The trek left us both quite sore and therefore a free day ensued, which were getting quite more frequent as we approach the end of our travels. Along with approaching the end of travels comes approaching the end of the allocated travel money. This is quite a sobering thought. Looking at the bank balance back in April and seeing a healthy 5 figure sum, now reduced to 3 figures. You look back on the amount spent and quantify with yourself, was it spent wisely? Did we get all we could out of it? What did we intend to get out of it? I'm probably going to ask that again in my summary and many times after that. Especially in times in the future when we are hard-up.
Day 186 and 6th October we were booked on the night train to Bangkok at 5:30pm, leaving us a day in Chiang Mai. We filled most of this day with what may be the most interesting and memorable experience of the journey. We went to the Tiger Kingdom.
You will be right in assuming that tigers are involved in The Tiger Kingdom, and you may rightly assume it is touristy. That's not to take away from it. Tiger Kingdom is about 10km outside of Chiang Mai, and once inside you can play and cuddle tigers. The tiger sizes come in Smallest, Small, Medium and Big. There are various packages on offer combining sizes of tiger to interact with. We chose Smallest + Small + Big for B1250 each (£25 or $40).
There is no set order you need to do this, but we chose the Smallest first. There are some rules and guidance to follow. The main one is to not touch the tigers head, and always approach them from behind. The opposite to approaching a horse then. In any case on purchase of a ticket, you signed away all liability of Tiger Kingdom, should these beasts chew off your arm in a rage. Therefore, it is best to follow the rules.
The Smallest are about 3 months old, and very playful they are. Mostly with each other, although they can be playful with you. But being playful is a bit of nipping with each other, and you can see from a young age what razor teeth they have. You are not allowed to pick them up, but stroking and rubbing their tummy is loved, and they become very docile. The youngest are probably the most fun, as they are awake during the day. The latter ages they start becoming more tiger and like their 18 hours sleep a day, like George Bush did.
The Small category are aged about 6 months and are showing traces of cub cuteness, but evolving into the proud creatures they will be, the Big ones aged 18 months are a more amazing experience. The same rules apply for all the tigers remember, don't touch the head. You may even tickle their balls, and all you will get is a flick of the tail, but not the head. Incidentally the guard encouraged us to tickle a Small tigers balls. I was sceptical, but I did.

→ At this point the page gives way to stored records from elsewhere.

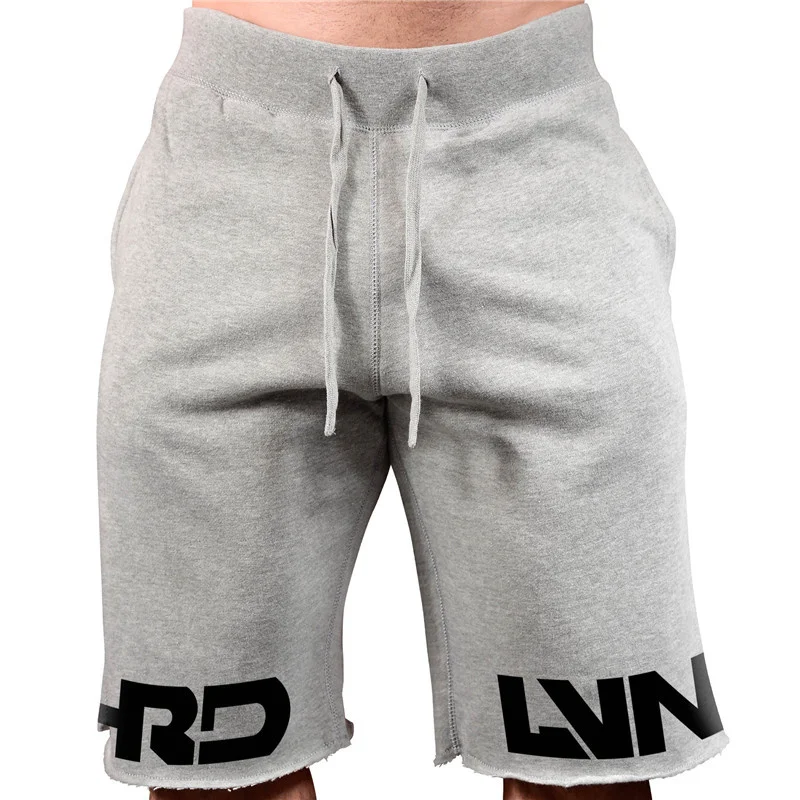 

New Men Cotton Beac Sorts Bottoms yms Fitness Bodybuildin Man Casual Fasion Print Joer Workout sort Pants Sweatpants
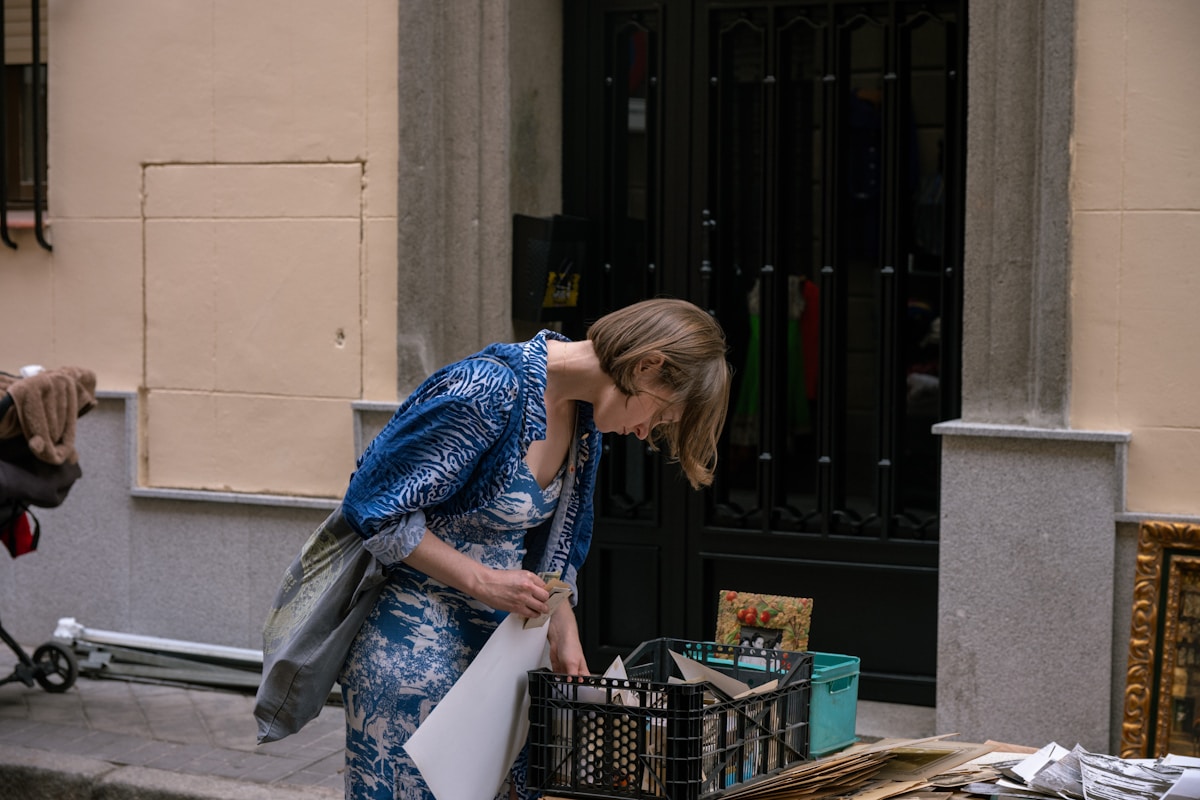 Femme en robe bleue portant des boîtes et des objets dans un couloir.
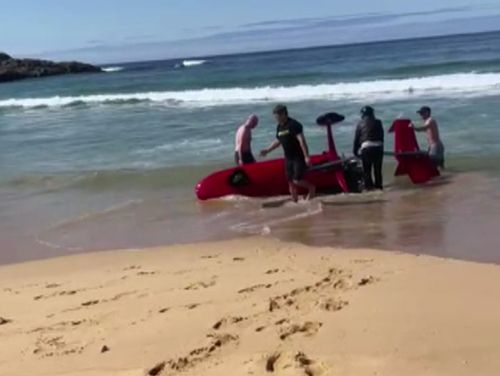 A gyrocopter has crashed while trying to alert a surfer to a shark circling nearby off the coast of New South Wales.
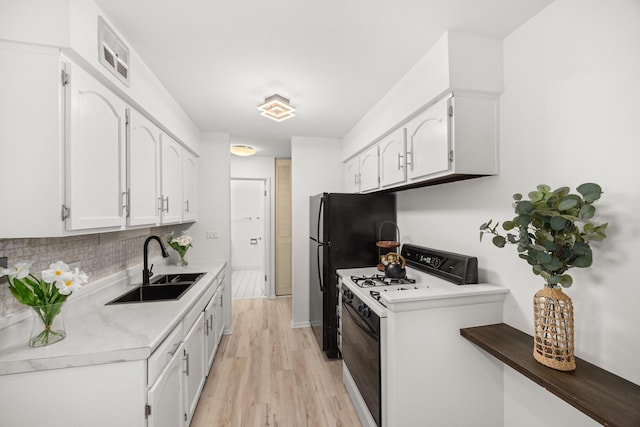 1475 Rebecca Dr Unit 311, Hoffman Estates, IL 60169 - kitchen with white gas range, light wood-style floors, white cabinetry, light countertops, and decorative backsplash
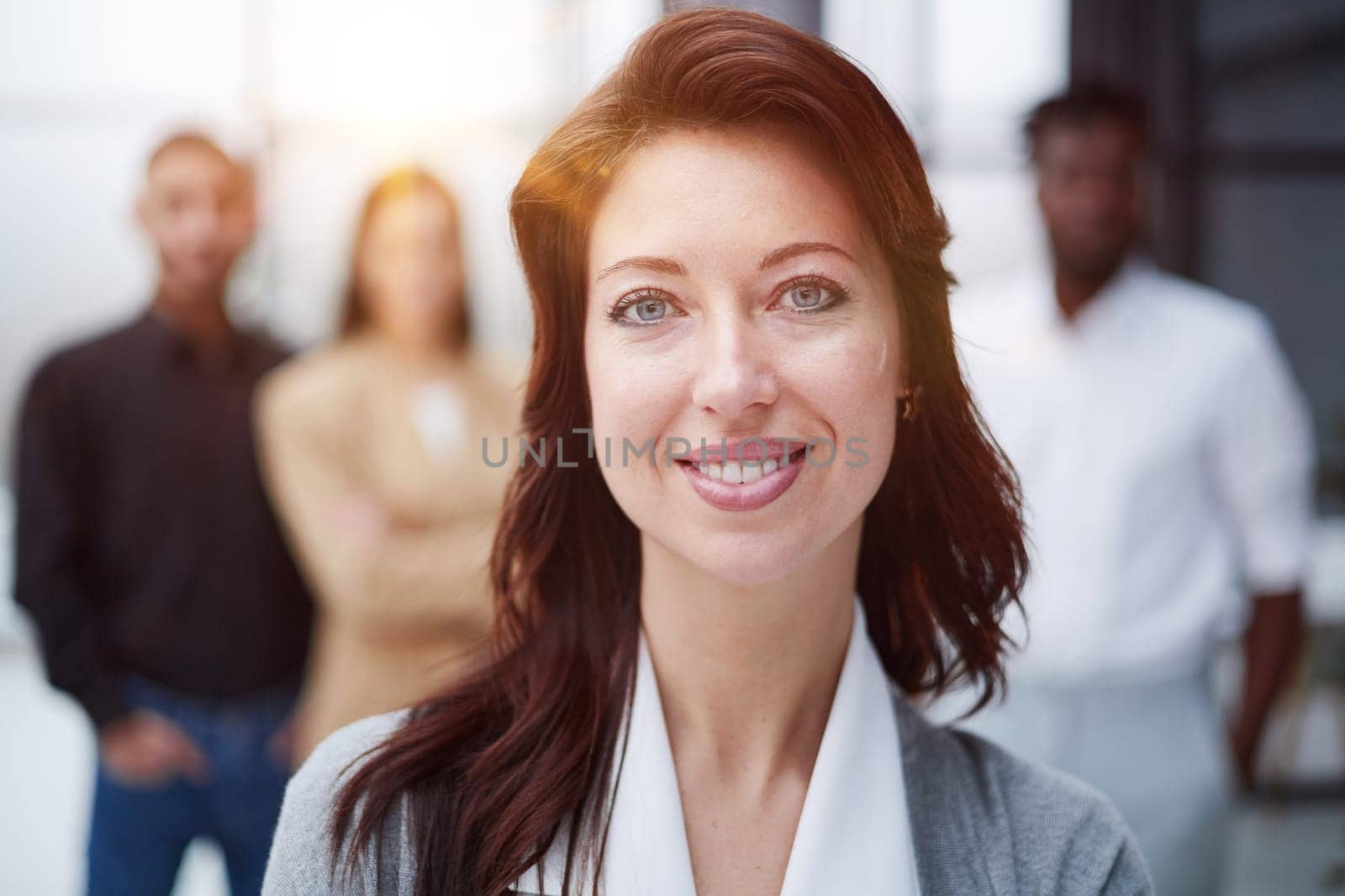 Portrait of a young business woman standing in the office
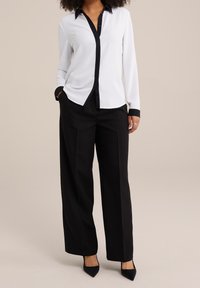 White long-sleeve button-up shirt with black collar and cuffs, paired with black wide-leg trousers and pointed black heels.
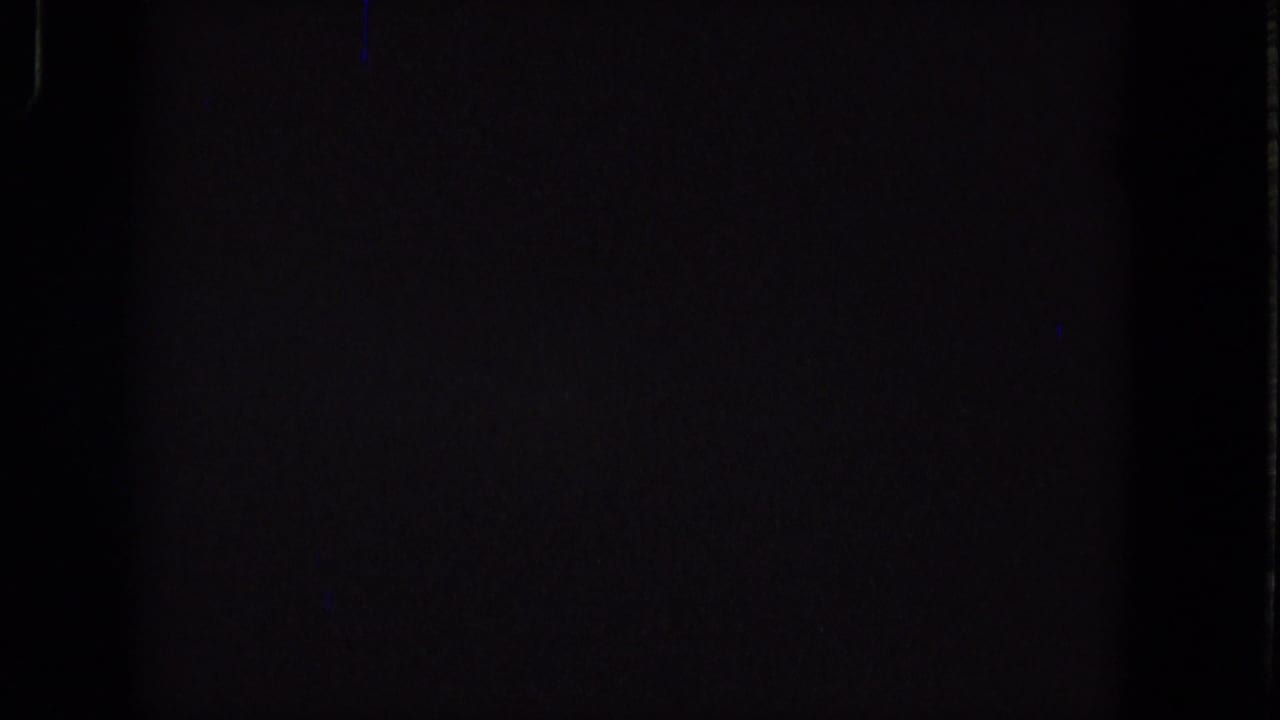 Dark 1965 Super 8 source frame showing near-black exposure, subtle grain, and faint vertical edge marks without identifiable people or place details.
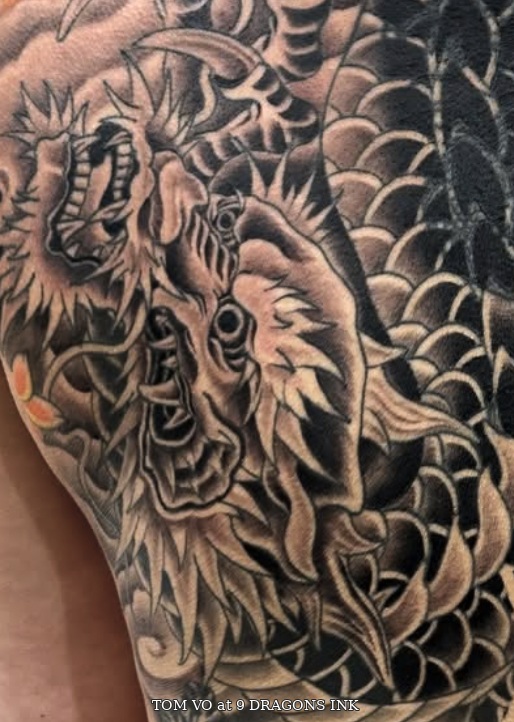 Dragon head tattoo close-up by Tom Vo at 9 Dragons Ink in San Jose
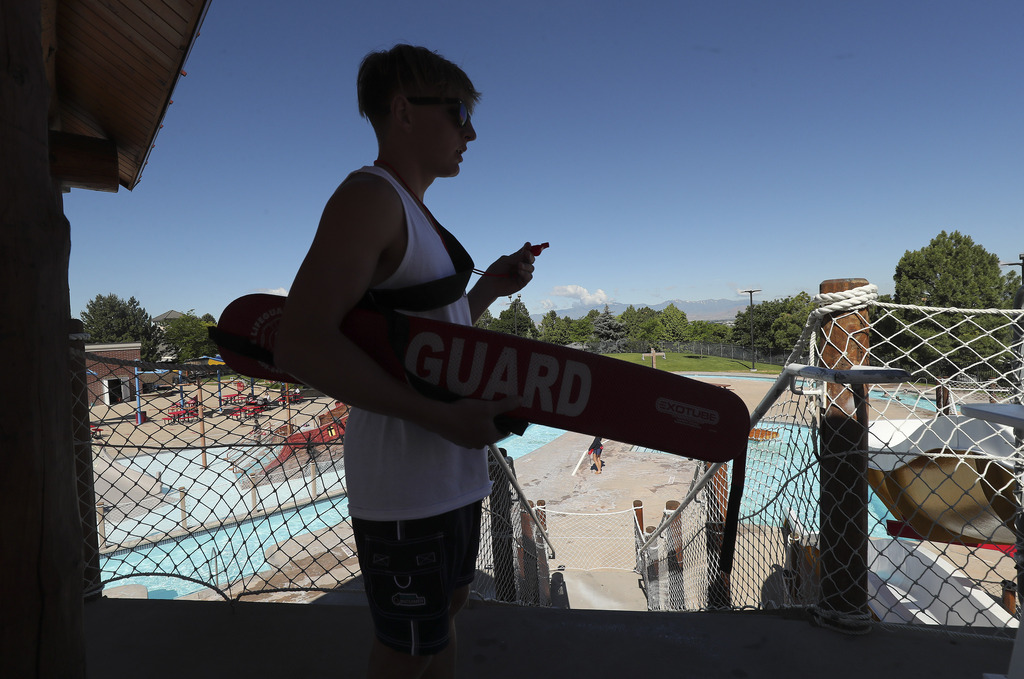 Lifeguard Dexter Gundersen watches swimmers at the Lindon Aquatics Center in Lindon on Tuesday, June 9, 2020. Gundersen was able to find a summer job despite the impacts of the COVID-19 pandemic. (Photo: Jeffrey D Allred, KSL)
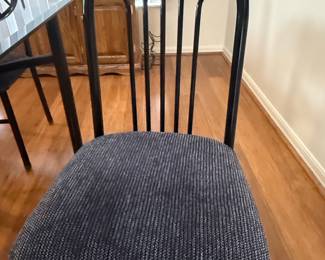 Modern Glass Top Dining Table with Black Metal Chairs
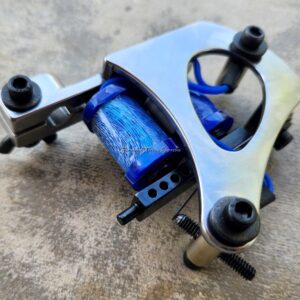 Tattoo machine with blue coils on surface.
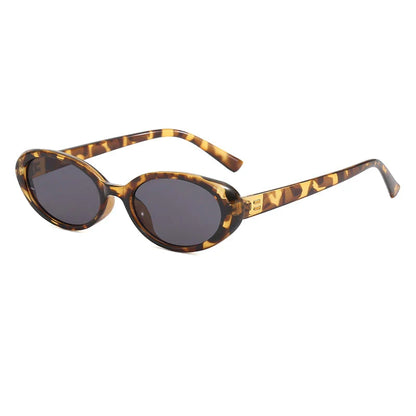 Chic oval sunglasses with white grey acetate frames and polycarbonate lenses, designed for fashionable women to shield their eyes from UV rays in style.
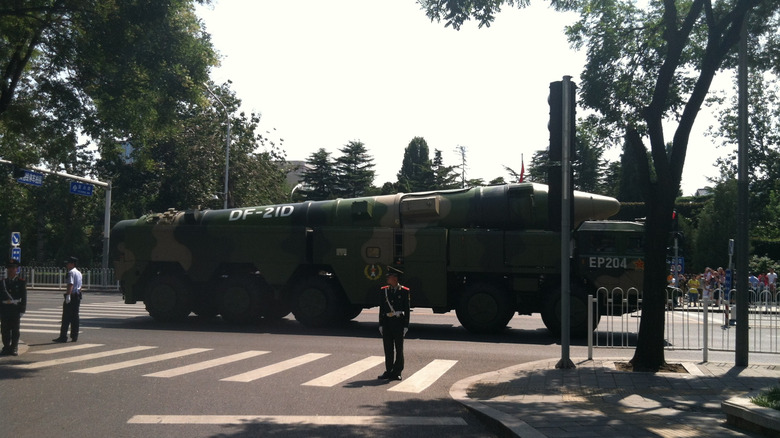 A Dongfeng 21 missile passing through a pedestrian crossingon the back of a truck while a crowd looks on.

I can honestly say, and you won't believe me unless you visit Tiger Kingdom yourself, I felt no fear with the big tigers. I could see their teeth and they were huge things, and the animal could rip the flesh off me like a well cooked barbecued rib, but still they are so calming. We both approached from behind and put our arms around a resting tiger. I smelt him and they smelt like a friendly dog (a smell I miss and love) and my arm raised up and down with the tigers breathing. Only occasionally did I think; wow I'm cuddling a huge killing machine.
They are drugged Chris, you cry. All I can say is again and again we were told they were not drugged. They are petted by humans from 3 months old, so they only know the nice side of humans. After 18 months they are sold to zoos, as after that point they become unpredictable, and maybe nature takes over and tells them, they are there to hunt and kill not have back-packers tickling their balls. They are so docile, because tigers need so much sleep, so their sleep pattern is the calmer also.
It is a zoo of sorts, and the animals will never be free, so make your own moral decisions based on that. However, I don't think there are many other ways to fully appreciate a tiger than to get this close. It has made me care more about the existence of the species in the wild, and I will look into how I can help personally. There are also tigers near Bangkok which are run by monks. However, I have read that despite this being run by monks, those beasts are more likely drugged, even though the setting looks more wild.
So after a lunch of burritos we caught the night train to Bangkok. You are expecting some expression of feelings as we complete the overland journey of 5,252 miles from Singapore, to Penang to Bangkok, through Cambodia, south to north Vietnam, to Vientiane in Laos to Lunang Prubang to Chiang Mai and back to Bangkok. I don't think I have any right now.
Last night we went out for dinner and here in Bangkok and Sarah wanted to go back in at about 7pm. She has been feeling run down as we reach the end. I stayed out a bit. Just two solo beers, watching the travellers and people go by. I think I wanted to be alone with Bangkok for a bit. I also enjoyed people watching and I felt so used to seeing travellers and back-packers, I could spot immediately which ones were at the beginning of their Asian journey and those at the end or a long way into. Maybe something about the look, less wide-eyed than the new arrivals. New arrivals over-do the "I know what I doing and where I'm going" look. And if I can spot this after 5 months in Asia, you can be sure the hawkers can.